EXERCISE DATA: Begin
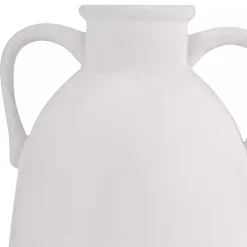 White Ceramic Jug Handles Vase, 10 in.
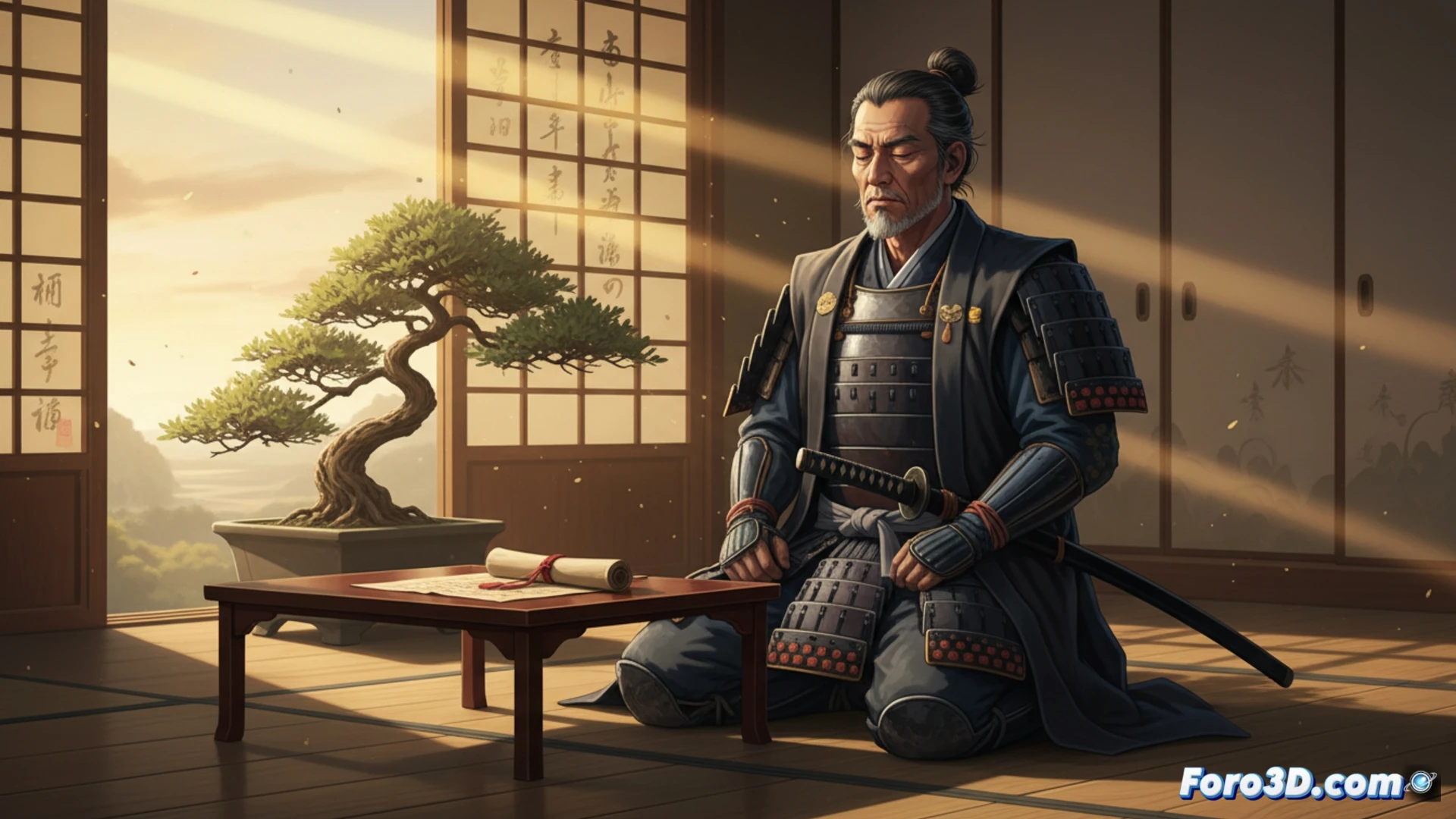 Un samurái contempla un código de programación que se entrelaza con un cerezo en flor.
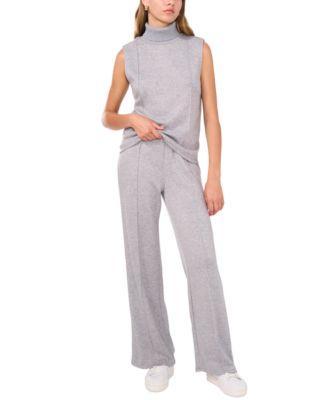 Vince Camuto Womens Knit Sleeveless Turtleneck Wide Leg Pants Product Image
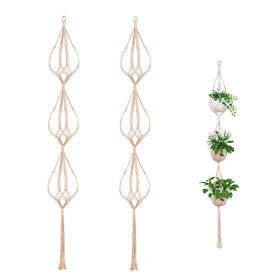 ELANE 2pc macrame plant hangers vertical display saves floor space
EXERCISE DATA: End
■ DIRECTIONS FOR THIS TASK ■
Within the listing above, find the line containing "Un samurái contempla", then print it and every line after it exactly, leaving out pictures.

■ THE ANSWER ■
 Un samurái contempla un código de programación que se entrelaza con un cerezo en flor.
 Vince Camuto Womens Knit Sleeveless Turtleneck Wide Leg Pants Product Image
 ELANE 2pc macrame plant hangers vertical display saves floor space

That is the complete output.